Ram Charan interpreta Alluri Sitarama Raju, um líder revolucionário que encabeçou uma campanha armada contra o Império Britânico no início dos anos 1920. Somos introduzidos ao personagem em uma das cenas mais épicas da história do cinema: nos arredores de Nova Deli, rebeldes amotinados tentam invadir uma delegacia imperial e, quando um deles atira uma pedra contra o prédio, o então oficial de polícia Raju é ordenado a capturar o homem no meio da multidão. O policial parte para uma furiosa investida contra os revoltosos, derrubando, literalmente, centenas de indianos de uma só vez.
Filme de ação
Os dois protagonistas conduzem a trama e a ação do filme: Raju é um policial sisudo e obstinado, secretamente em uma missão para se infiltrar entre os oficiais britânicos e armar a população indiana. Ele é incumbido pelo Império da captura de Bheem, que deixou sua tribo em busca de sua irmã caçula, capturada pelos britânicos na primeira cena do filme.

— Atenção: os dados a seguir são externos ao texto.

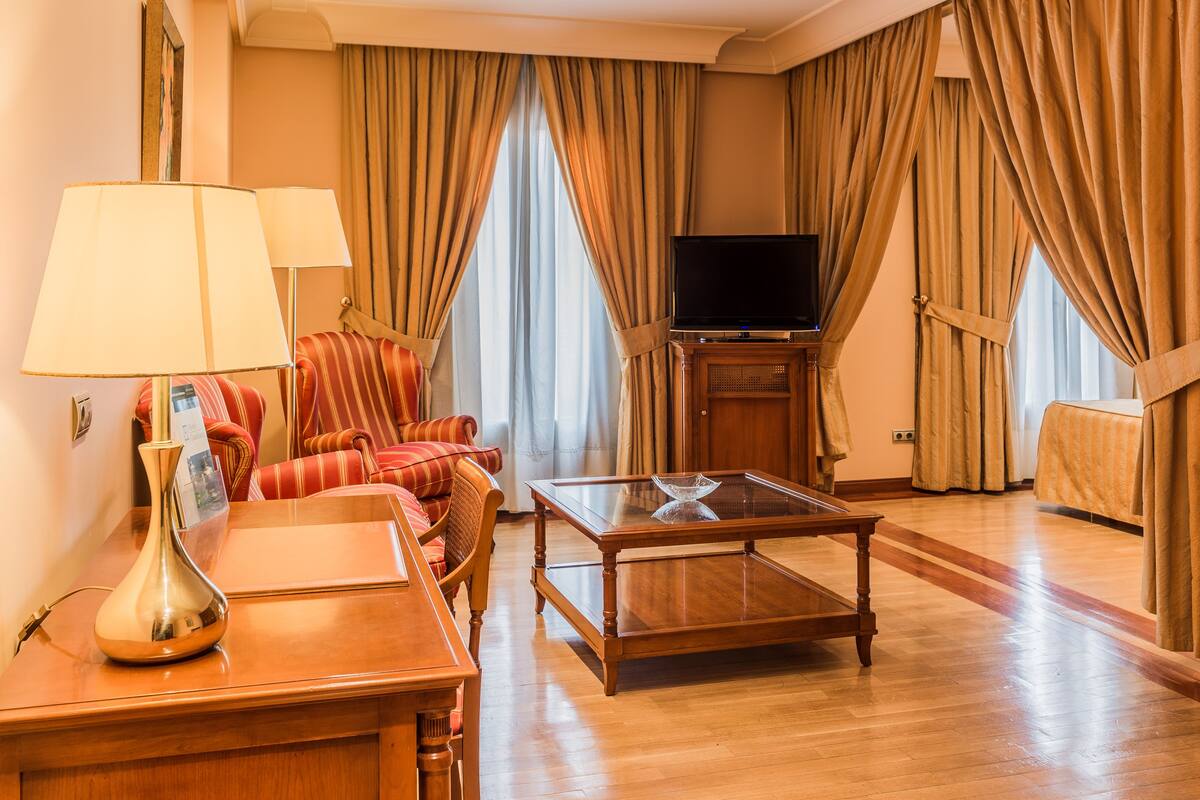 A hotel room with a wooden coffee table, a sofa, a TV on a stand, and curtains.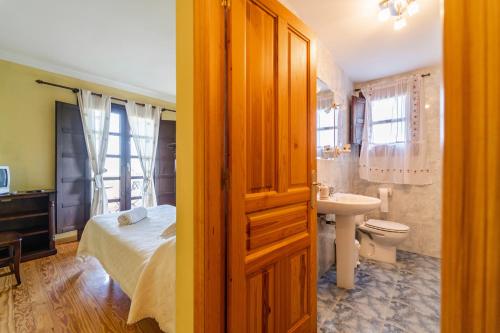 a bathroom with a bed and a sink and a toilet at Casa Rural De Cabrera in Urrez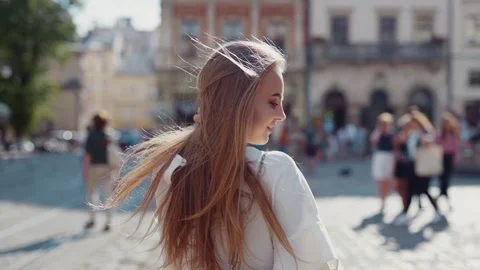 Close up view of beautiful young blue-eyed woman in white blouse turning to Stock Footage 112673178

Ambos se encontram por acaso quando decidem trabalhar juntos para resgatar um garoto prestes a ser morto quando uma locomotiva descarrila e cai de uma ponte, ateando fogo em um rio, e se tornam melhores amigos, sem saber de suas verdadeiras identidades e intenções. Uma eficiente montagem mostra o nascimento do maior bromance desde Martin Riggs e Roger Murtaugh de “Máquina mortífera”.
O filme junta os grandes astros do cinema indiano N. T. Rama Rao Jr. e Ram Charan em sua primeira colaboração. Apesar de exageradamente dramáticas, todas as atuações no filme são sinceras e emocionantes, contribuindo para o desenvolvimento dos personagens e suas relações. Além da dupla, Ajay Devgn (Venkata Rama Raju, o pai de Rama Raju), Twinkle Sharma (Malli, a irmã de Komaram Bheem), Olivia Morris (Jenny) e Alison Doody e Ray Stevenson (respectivamente, o casal de vilões Catherine Buxton e o governador Scott Buxton) merecem destaque.
Musical
E, claro, como é de se esperar, no filme há música. Muita música. Ao contrário de produções estadunidenses do gênero ação e aventura, que dispensam e menosprezam números musicais, “RRR” embarca com tudo em canções melódicas e danças hipercoreografadas, que fazem o final de “Quem quer ser um milionário?” parecer uma peça de teatro da escola. O próprio diretor, Rajamouli, canta e dança em uma participação especial no final do longa.
“RRR” é, para nós, um longa diferente, mas apenas porque não estamos acostumados com o modo indiano de fazer cinema, que requer um pouco de paciência de espectadores ocidentais. Mas, depois que entendemos a premissa e abraçamos a galhofa, nos perdemos na trama, nos personagens e na cultura indiana.
Como brasileiros, acostumados sos rótulos de “subdesenvolvidos” e “terceiro mundo”, podemos não compartilhar a mesma língua, os mesmos traços culturais e a mesma história dos personagens do filme e do povo indiano, mas conseguimos entender muito bem os três Rs e seu significado de luta e superação.
“RRR: REVOLTA, REBELIÃO, REVOLUÇÃO”
(Índia, 2022, 185min). Direção: S. S. Rajamouli. Com N. T. Rama Rao Jr. e Ram Charan. Disponível na Netflix.